» **EXERCISE PROMPT**
In the data below, begin at the line with "지역 수용태세 개선 필요" and stop after the line with "3 bedroom uncompleted"; output those lines exactly and no pictures.

» **EXERCISE MATERIALS**
=== Section Start ===

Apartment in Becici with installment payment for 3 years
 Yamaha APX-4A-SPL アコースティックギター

=== Section End ===
=== Section Start ===

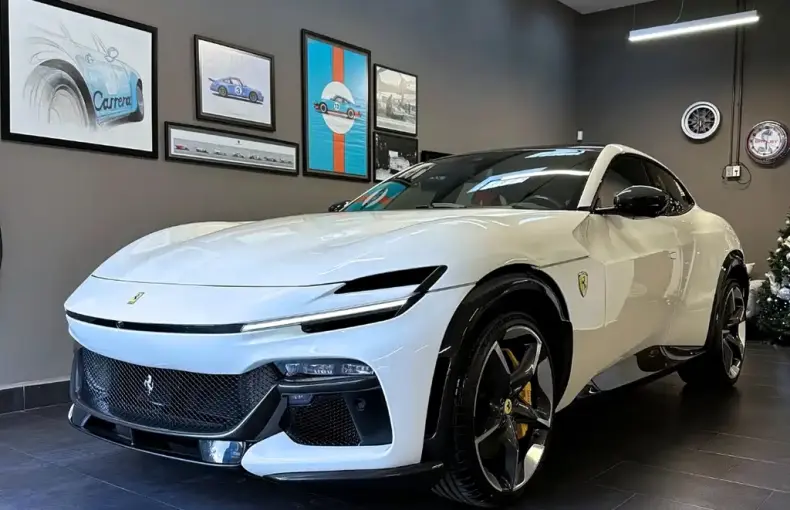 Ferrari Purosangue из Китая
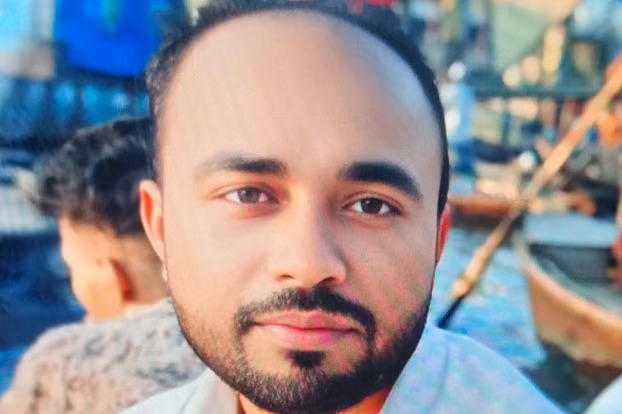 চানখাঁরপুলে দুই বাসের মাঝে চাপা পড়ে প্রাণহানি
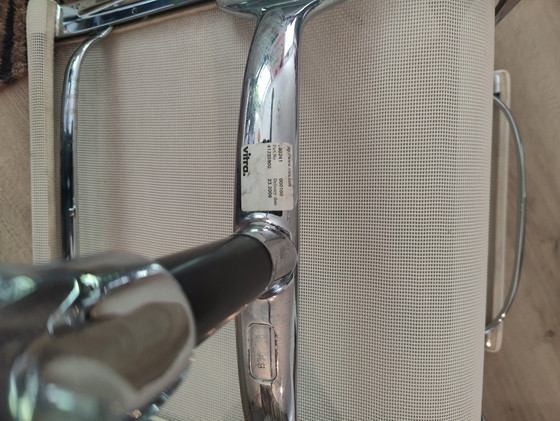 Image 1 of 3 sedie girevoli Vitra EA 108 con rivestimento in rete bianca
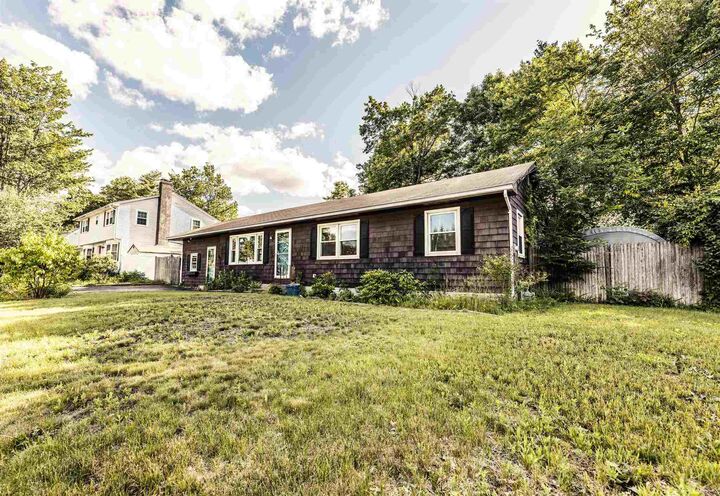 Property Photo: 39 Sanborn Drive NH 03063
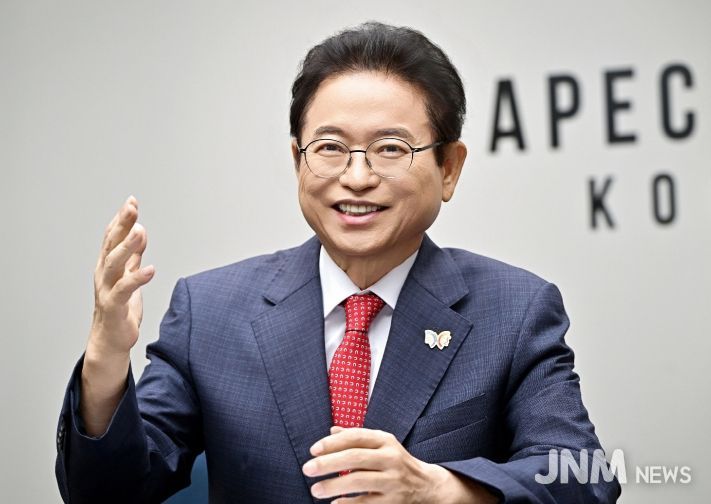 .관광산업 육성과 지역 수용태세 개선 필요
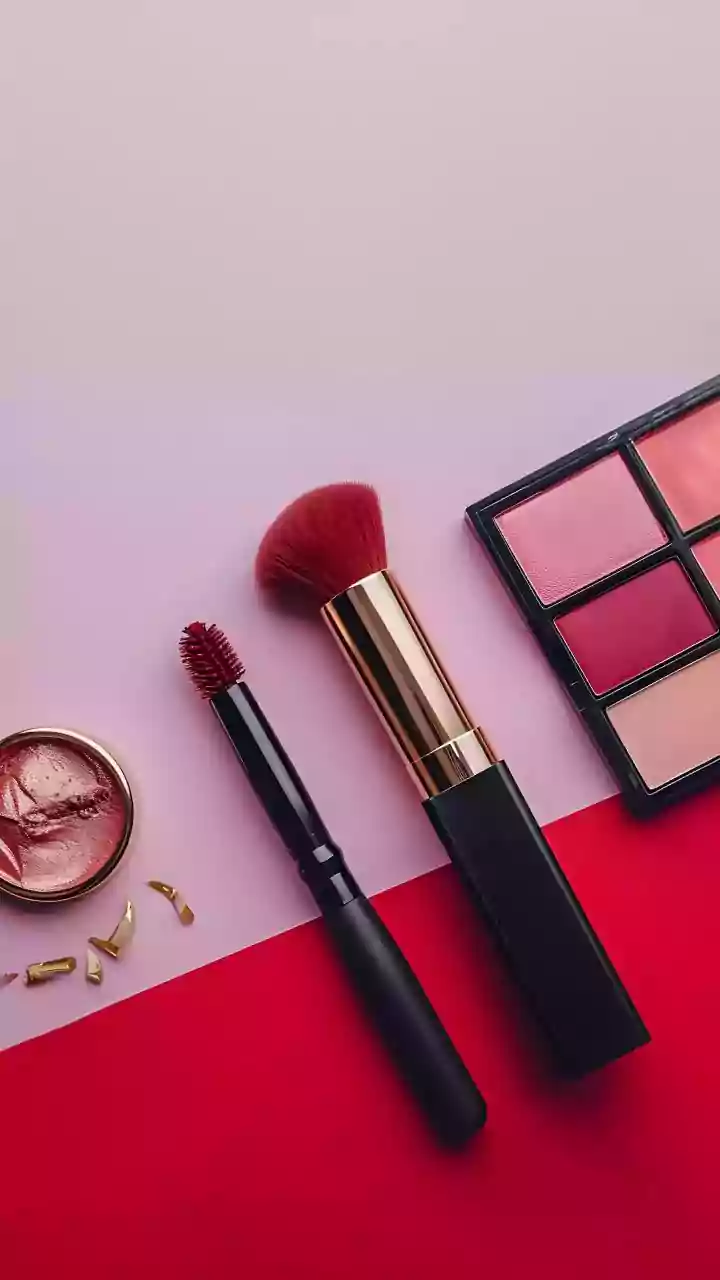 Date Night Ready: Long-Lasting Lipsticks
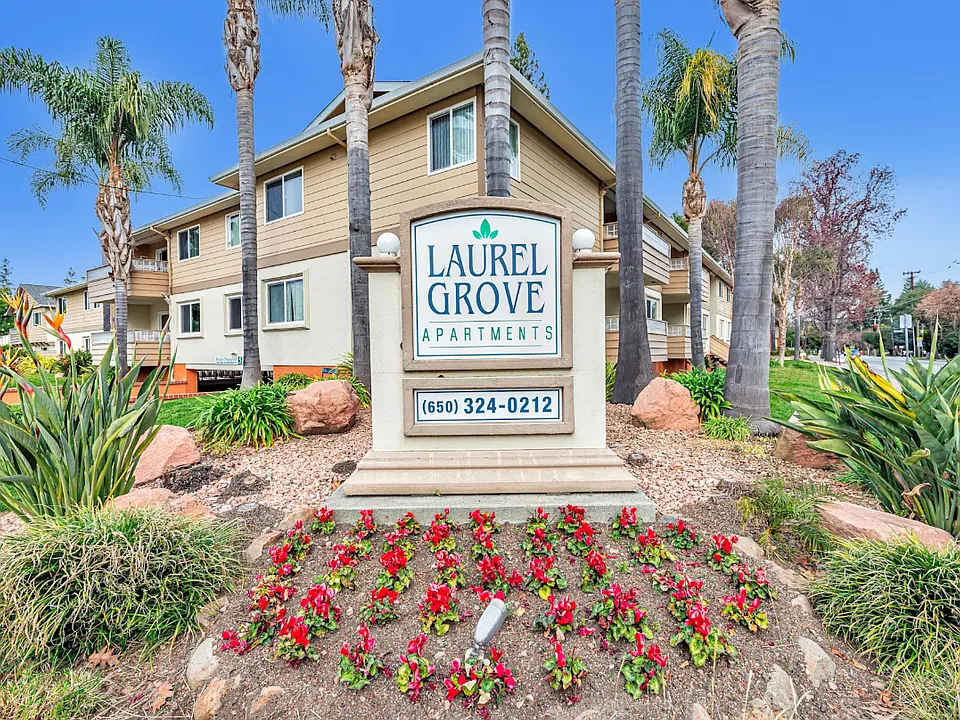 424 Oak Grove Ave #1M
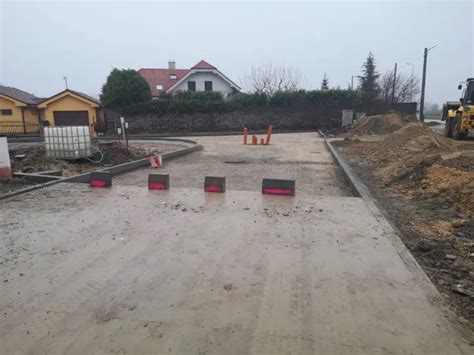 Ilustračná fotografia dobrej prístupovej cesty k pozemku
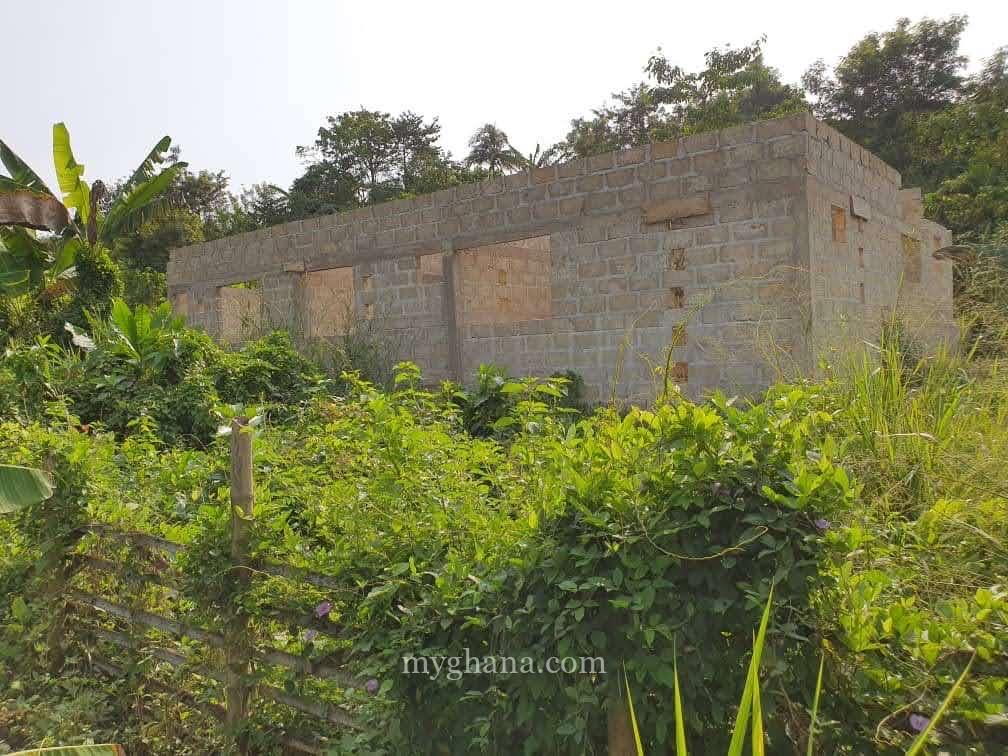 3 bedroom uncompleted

=== Section End ===

» **SOLUTION TO THIS TASK**
 .관광산업 육성과 지역 수용태세 개선 필요
 Date Night Ready: Long-Lasting Lipsticks
 424 Oak Grove Ave #1M
 Ilustračná fotografia dobrej prístupovej cesty k pozemku
 3 bedroom uncompleted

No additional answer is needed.